# What is being asked
From the records below, output exactly the lines starting at the line with "Vintage 1990s Mikasa" and ending at the line with "ablam da ablam fönlü yastik kupa set", both of them included, but no pictures.

# Task input
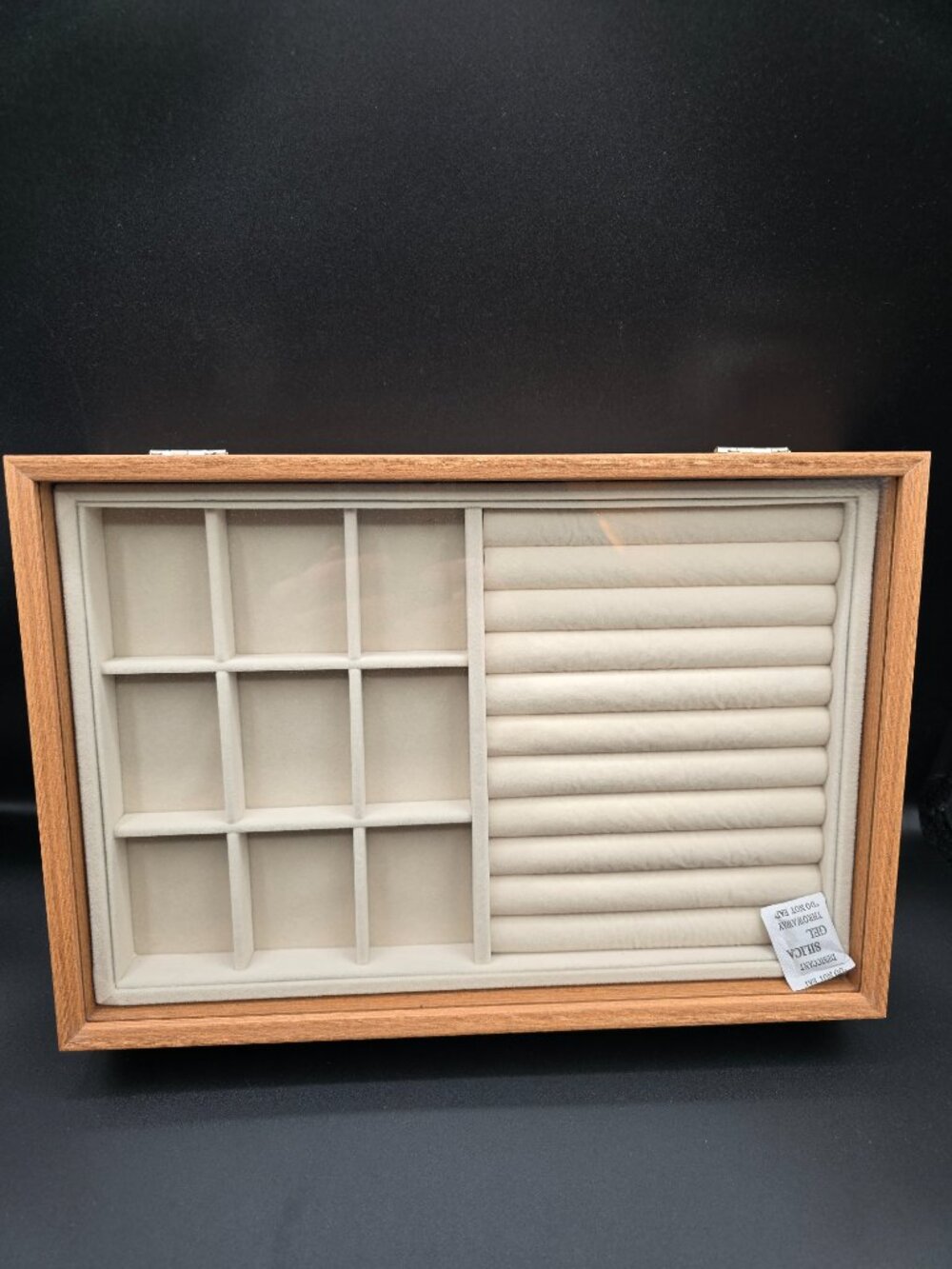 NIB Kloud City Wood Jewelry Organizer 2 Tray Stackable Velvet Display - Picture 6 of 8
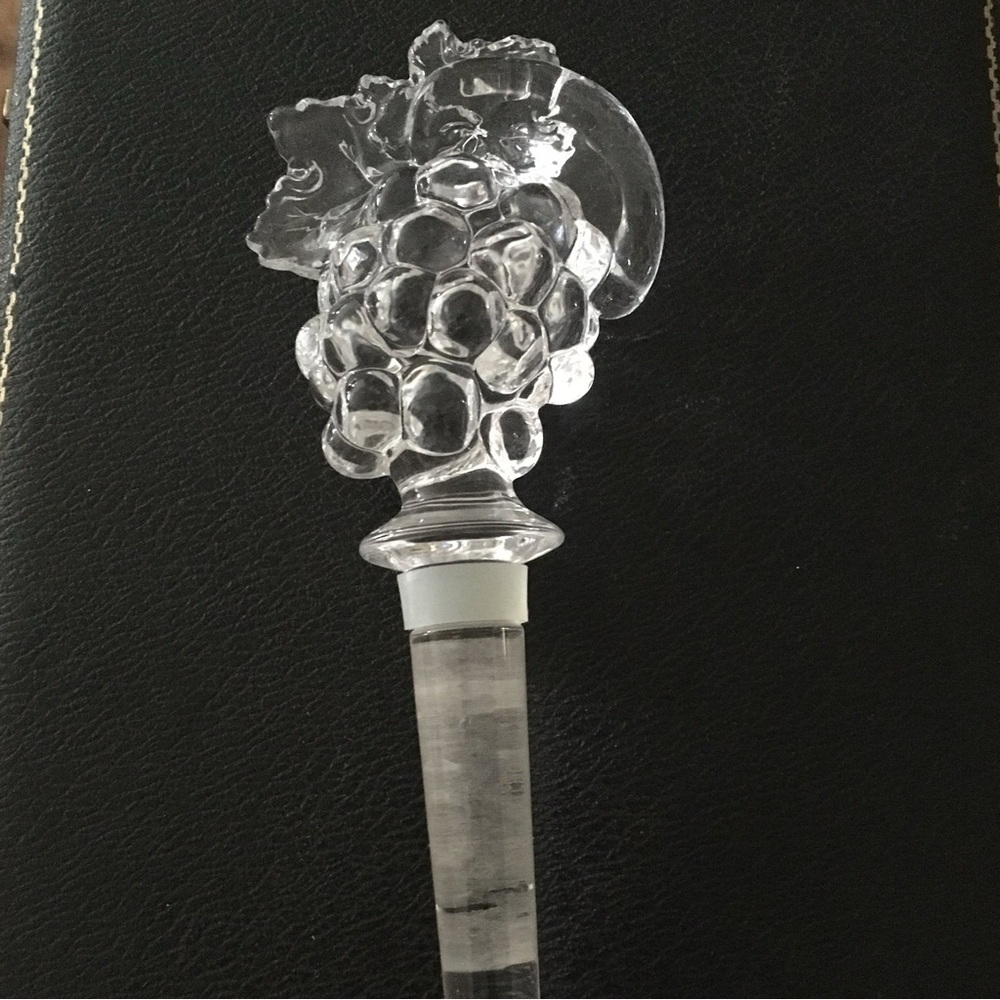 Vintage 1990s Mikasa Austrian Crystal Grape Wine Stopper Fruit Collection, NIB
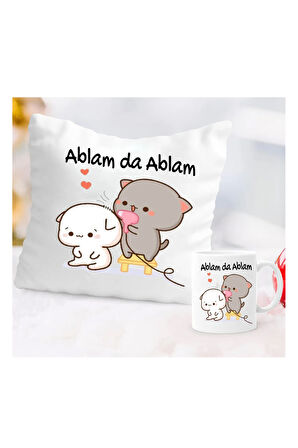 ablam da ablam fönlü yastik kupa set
...
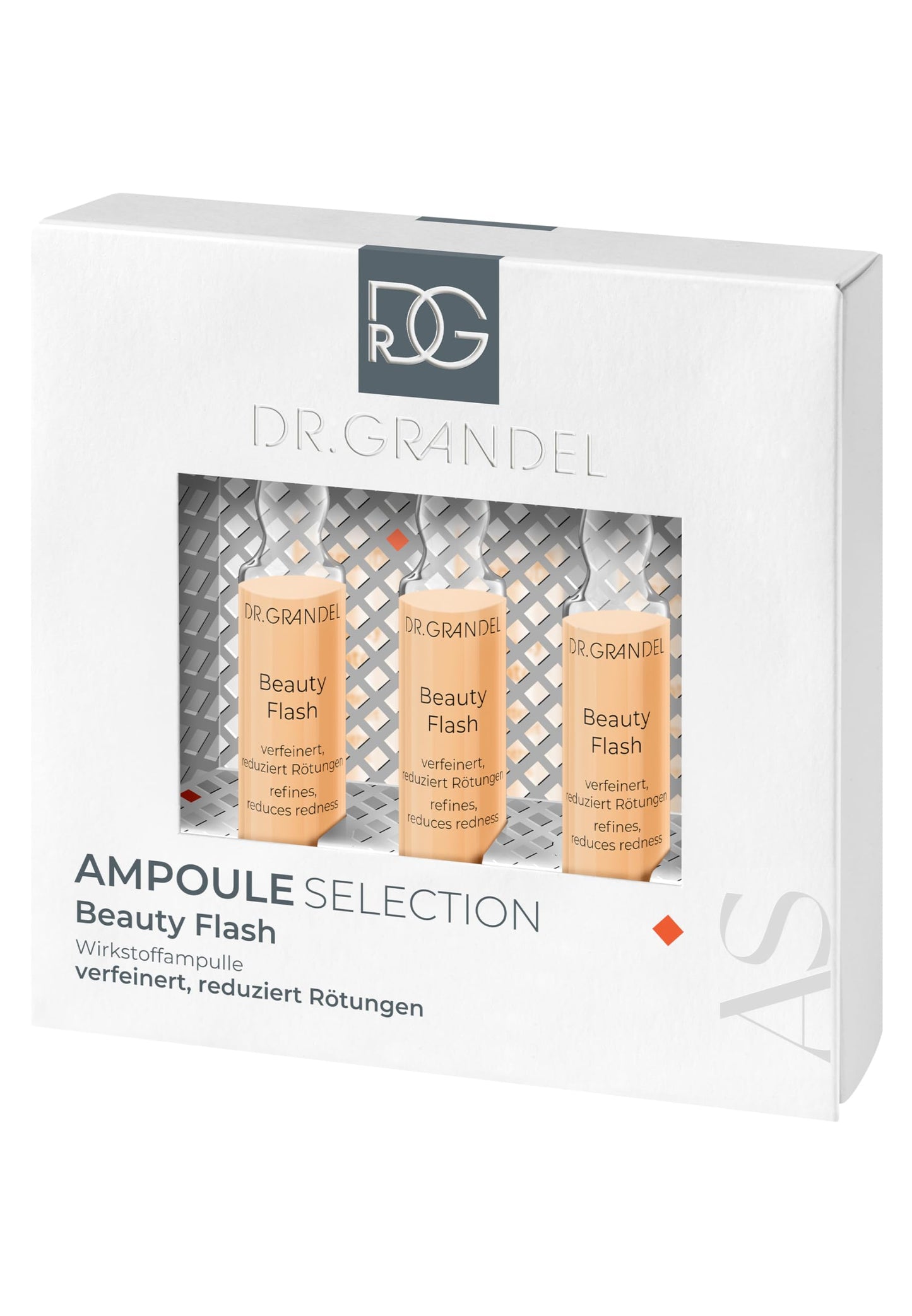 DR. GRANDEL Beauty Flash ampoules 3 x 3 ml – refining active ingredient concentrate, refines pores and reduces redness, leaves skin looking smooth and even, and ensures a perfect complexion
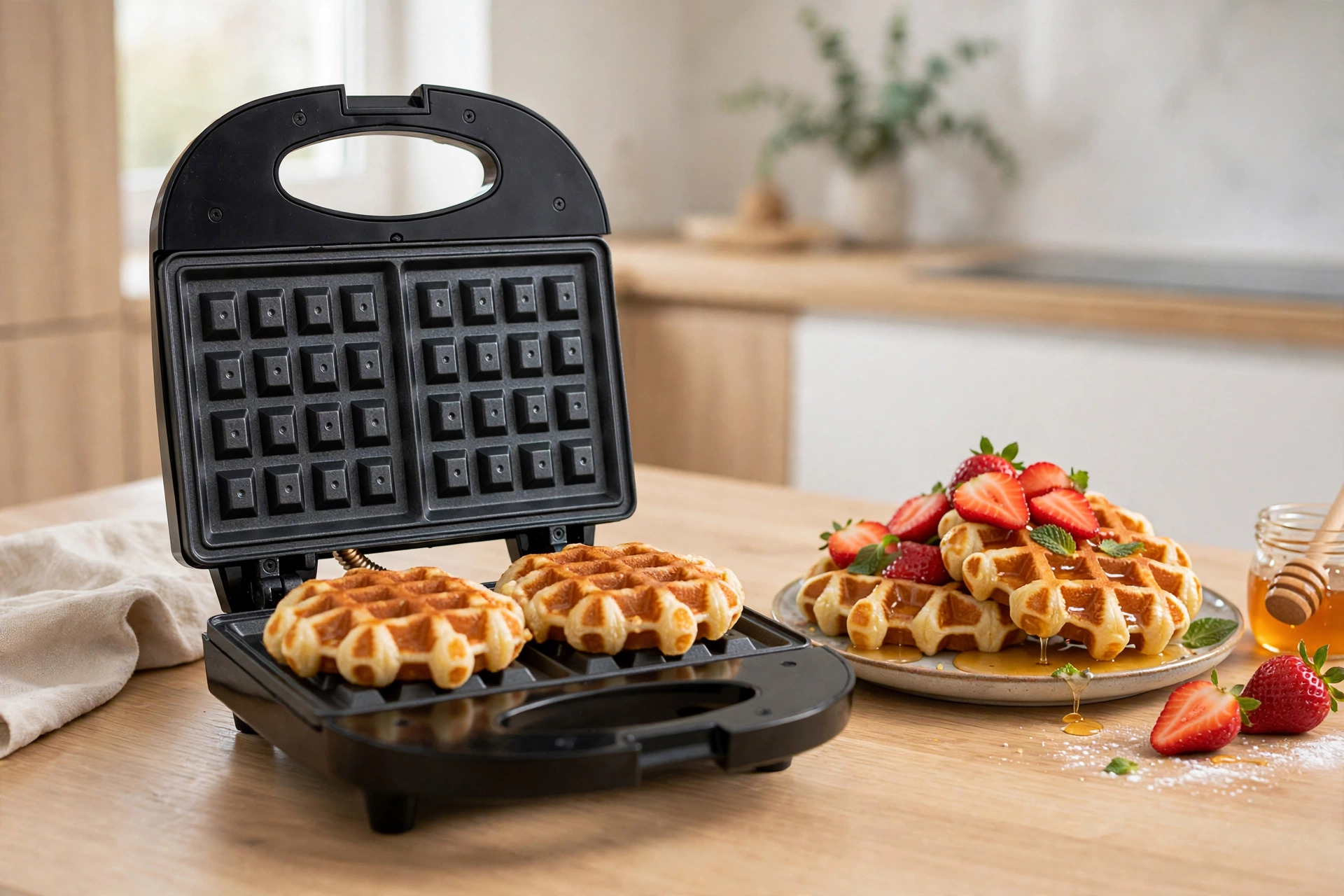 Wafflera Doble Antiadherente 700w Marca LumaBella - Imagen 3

# Exercise result
 Vintage 1990s Mikasa Austrian Crystal Grape Wine Stopper Fruit Collection, NIB
 ablam da ablam fönlü yastik kupa set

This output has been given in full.